Este icónico operador turístico cerró abruptamente y ahora enfrenta la repatriación "más grande que hayamos atravesado en tiempos de paz".

Más de 150,000 turistas del Reino Unido empiezan desde este lunes a ser trasladados al Reino Unido en la mayor labor de repatriación en este país desde la II Guerra Mundial, tras verse afectados por la quiebra del gigante Thomas Cook.

Poniendo fin a 178 años de historia en el sector, el touroperador británico, uno de los más antiguos del mundo, entró en suspensión de pagos de madrugada al no obtener los fondos adicionales de 200 millones de libras (227 millones de euros) que le exigían los bancos -como el RBS y el Lloyds- para afrontar los meses de invierno.

Peter Fankhauser, el consejero delegado del grupo, pidió disculpas "a los millones de clientes y a los miles de trabajadores" afectados por la liquidación de la compañía, que llevaba años padeciendo estragos financieros.

Elementos como el Brexit, una deuda millonaria que lo lastraba desde hace años, su incapacidad para renovarse y competir con sus rivales online y otros factores geopolíticos han ido empujando a esta empresa hacia su colapso, afectando a 22,000 empleados, de los que 9,000 son británicos.

La caída del grupo - que opera en 16 países, cuenta con 105 aviones y posee 200 hoteles y complejos hoteleros con su marca - ha provocado auténticos dramas humanos. Unos 600.000 turistas de todo el mundo, entre ellos 150,000 de este país, se preguntan ahora cómo y cuándo regresarán a sus hogares.

Pero además, muchos de los afectados en este país lamentan haber tirado por la borda miles de libras en reservas por anticipado con este operador para celebrar vacaciones futuras o enlaces matrimoniales.

Con la quiebra, según anunció hoy en un comunicado la Autoridad de Aviación Civil (CAA) del Reino Unido, "todas las reservas del Grupo Thomas Cook, que incluyen los vuelos y las vacaciones, han sido canceladas".

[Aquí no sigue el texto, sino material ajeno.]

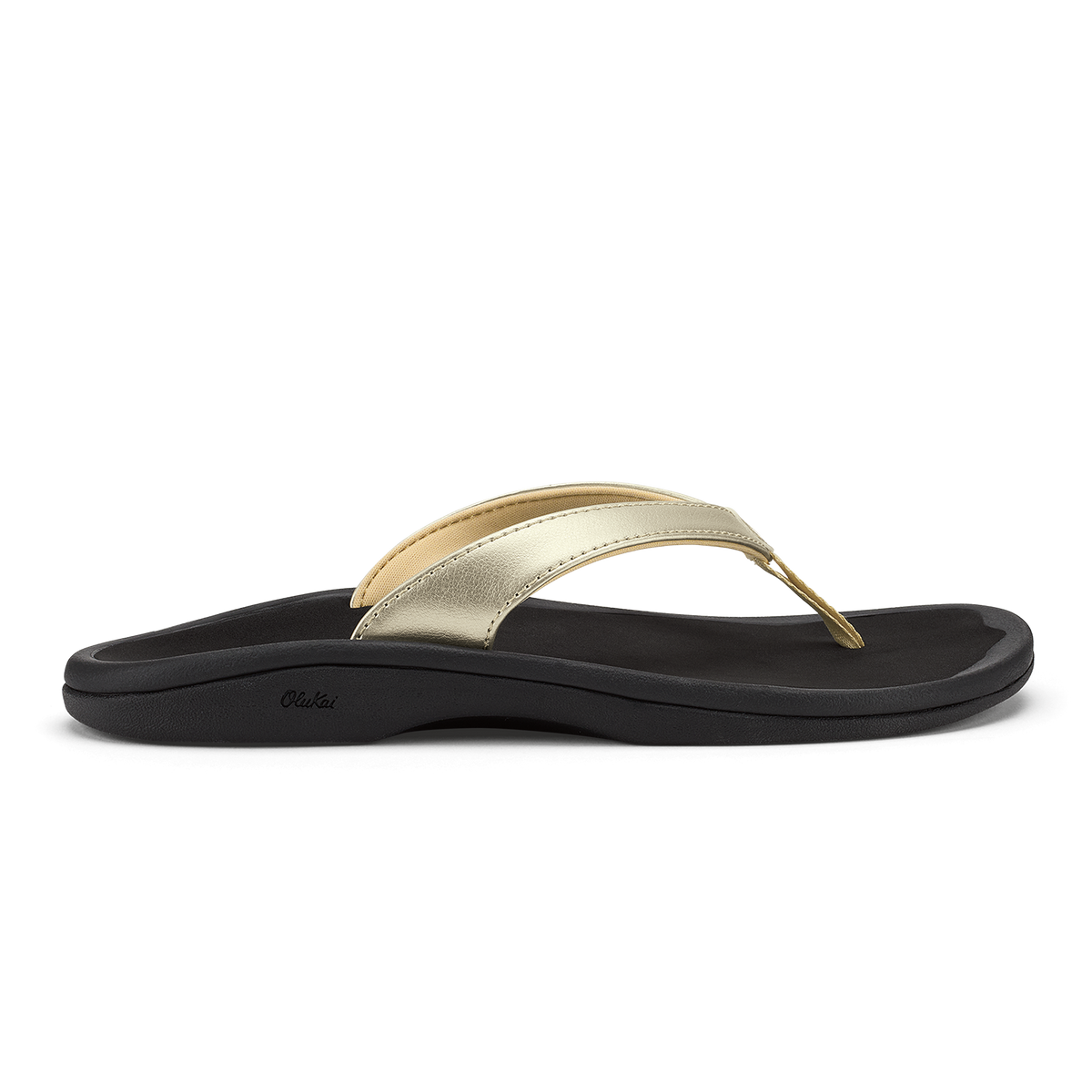 Gold metallic thong strap sandal with black cushioned sole and curved footbed.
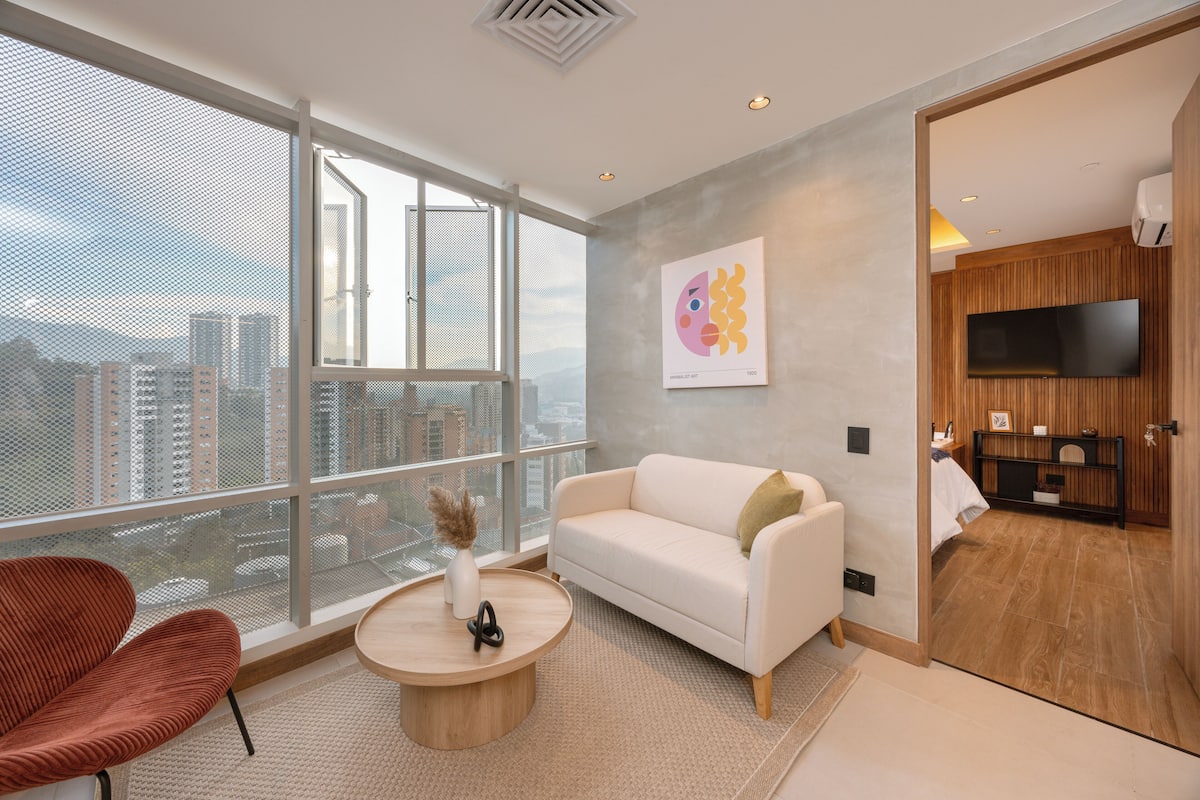 A modern living room with a large window, a white sofa, a red chair, and a round coffee table.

La CAA, junto con el gobierno, ha comenzado ya las tareas de repatriación de los turistas que aguardan repartidos por distintos puntos del globo, entre ellos en once destinos españoles.

Según observó este lunes Richard Moriarty, consejero delegado del regulador, será "la mayor operación" de este tipo que vive este país desde la II Guerra Mundial.

Para acometerla, se dispondrá de una flota de unos 40 aviones -traídos de 53 aeropuertos en 18 países- que realizarán alrededor de un millar de vuelos durante los próximos 15 días, hasta el 6 de octubre, y cuyo coste será de aproximadamente 100 millones de libras ($124 millones).

La mayor parte de esos vuelos se operarán desde aeródromos europeos aunque también se trasladarán a este país turistas atrapados en destinos más alejados como Estados Unidos, el Caribe y Cuba.